Tribune Washington Bureau (MCT)
The White House cast Vice President Joe Biden’s comments on same-sex marriage as in line with President Barack Obama’s views on the matter, saying the administration has not changed its position and both men are “evolving.”
“I have no update on the president’s personal views,” White House spokesman Jay Carney told reporters Monday at a lively briefing dominated by questions about Biden’s expression of support for gay marriage. “What the vice president said yesterday was to make the same point that the president has made previously, that committed and loving same-sex couples deserve the same rights and protections enjoyed by all Americans and that we oppose any effort to roll back those rights.”

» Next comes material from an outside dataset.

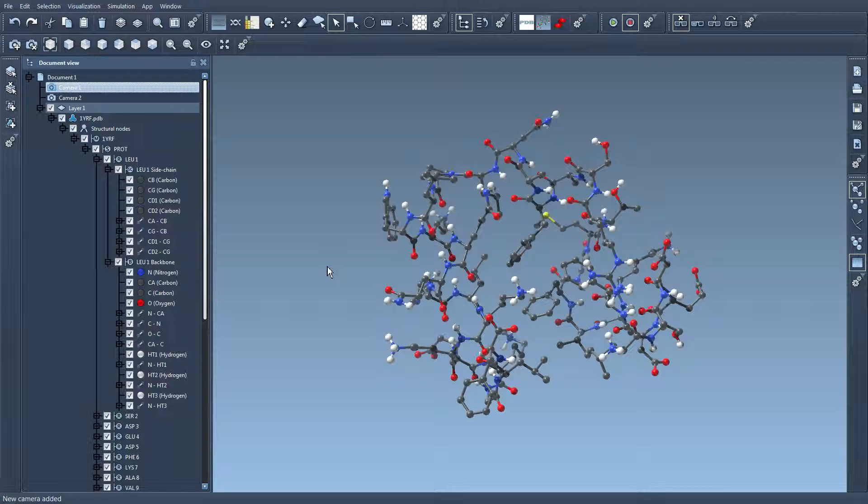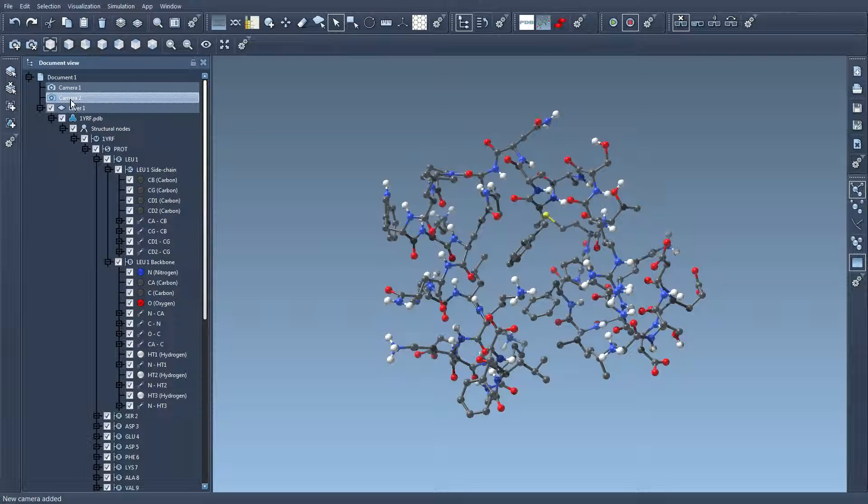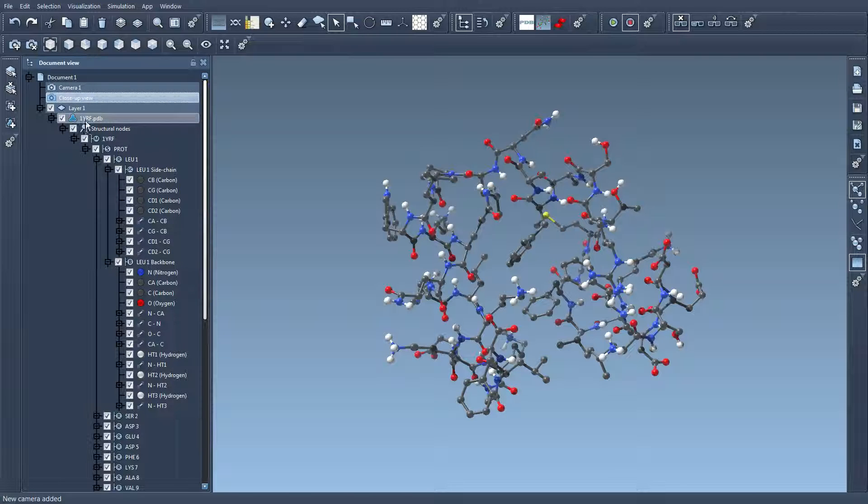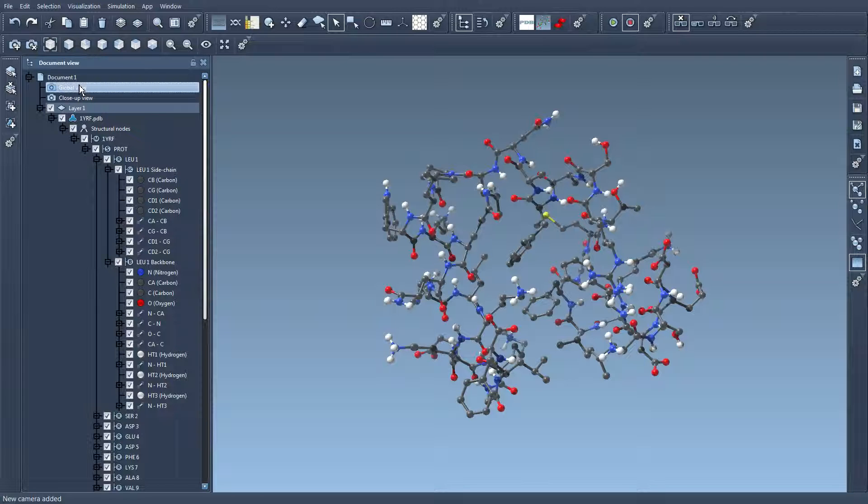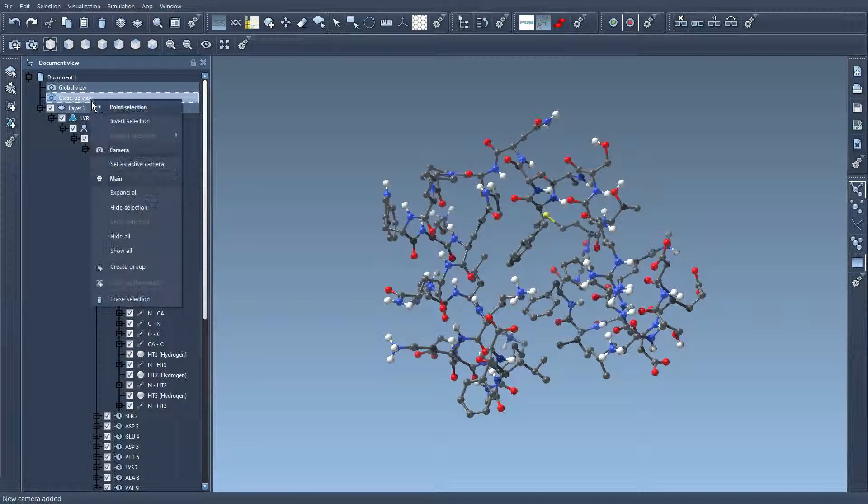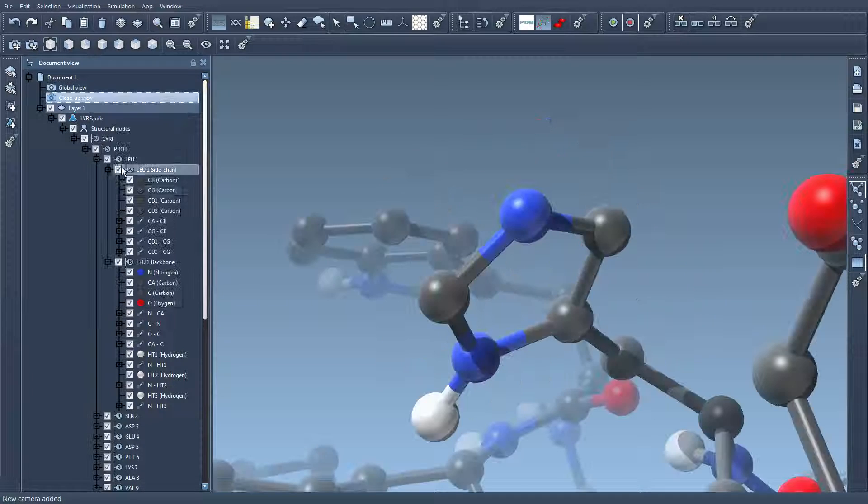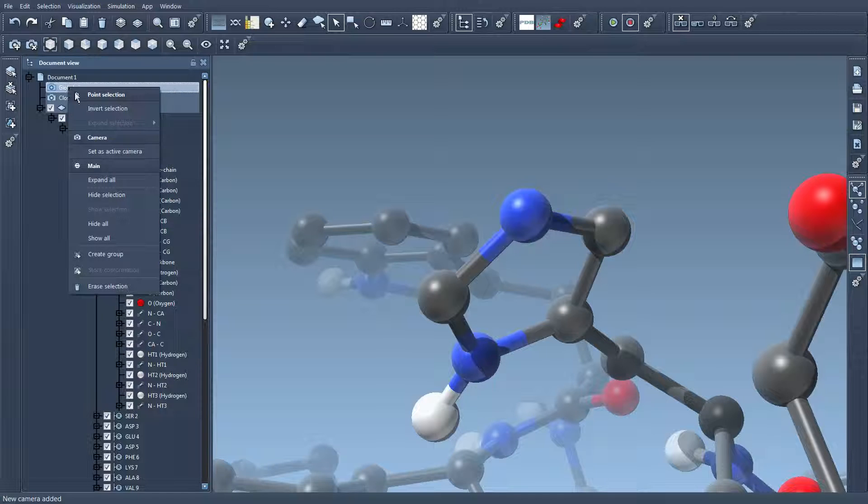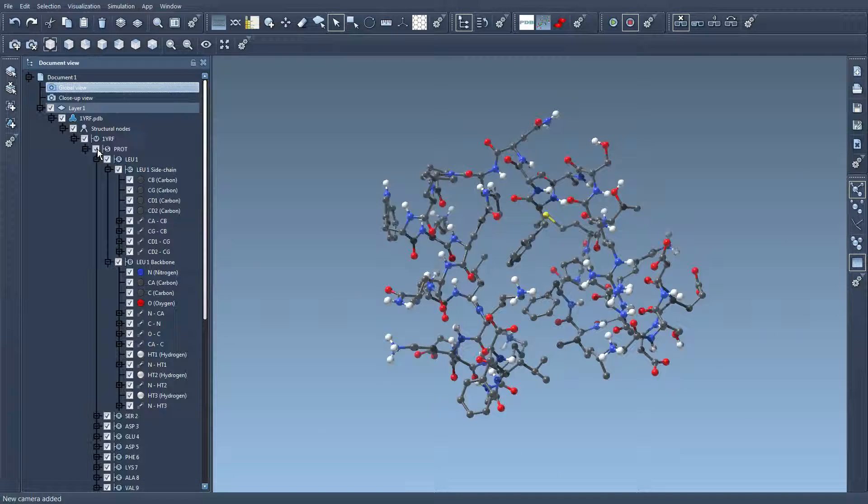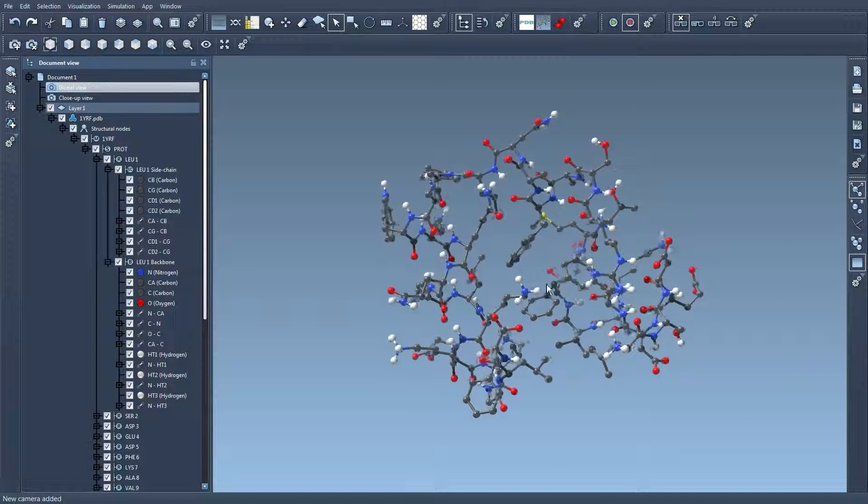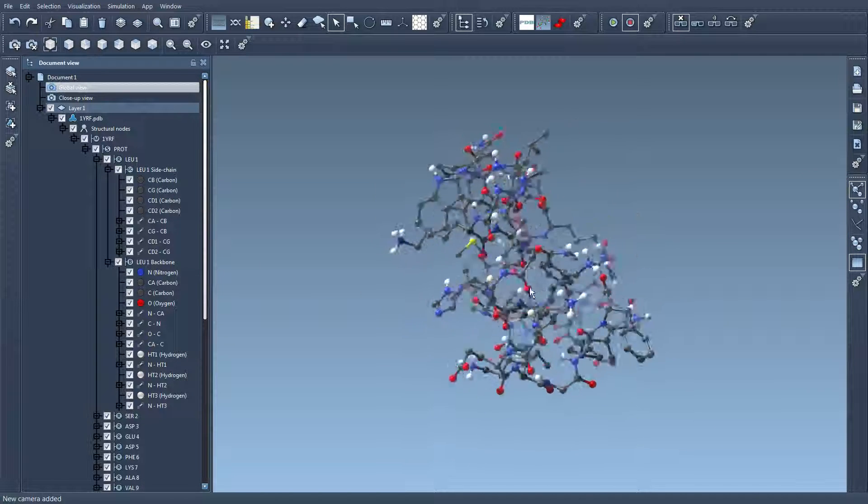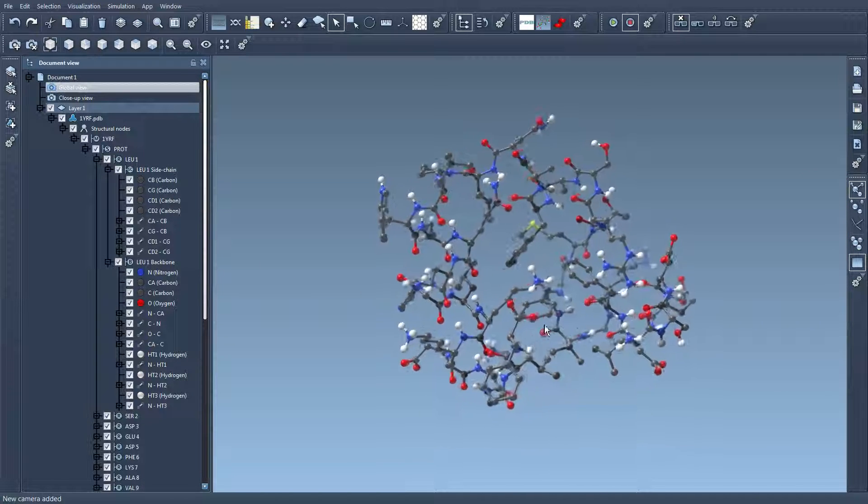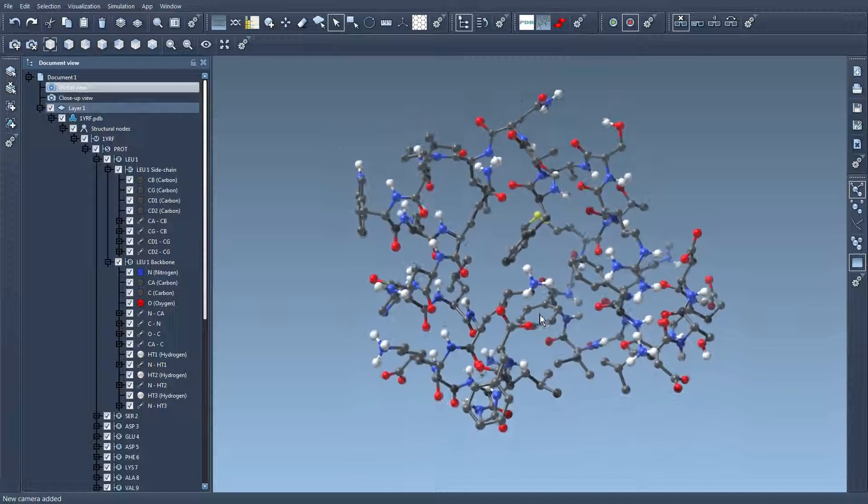And if it makes it more clear for me, I can just rename them. So let's say close-up view here and global view here. So I switch between these two cameras to manipulate the view.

But vice president went further than the president has in stating support for gay marriage. Speaking on NBC’s “Meet the Press,” Biden said he is “absolutely comfortable with the fact that men marrying men, women marrying women, and heterosexual men and women marrying another are entitled to the same exact rights.”
The remark drew cheers from gay rights activists and forced the White House to scramble to explain.
The president has said he supports civil unions but did not endorse same-sex marriage as a candidate in 2008. He has since described his position as “evolving.” White House aides, including Carney, have declined to comment further on the president’s personal position since.
On Monday, Carney said the president had an “unparalleled record of support record” on GLBT rights issues, noting the elimination of the “don’t ask, don’t tell” ban on openly gay people serving in the military and the administration’s opposition to the Defense of Marriage Act, which defines marriage as a union of a man and a woman.
But Carney declined to state clearly whether the president supports or opposes gay marriages, saying that was a personal opinion best expressed by the president himself.
He said the president opposes an amendment up for a vote Tuesday in North Carolina that would ban same-sex marriages. Although such marriages are not currently legal in the state, Carney said the president believes the amendment would restrict rights already granted.
“He is opposed to efforts in states to deny rights that have been provided to citizens,” Carney said.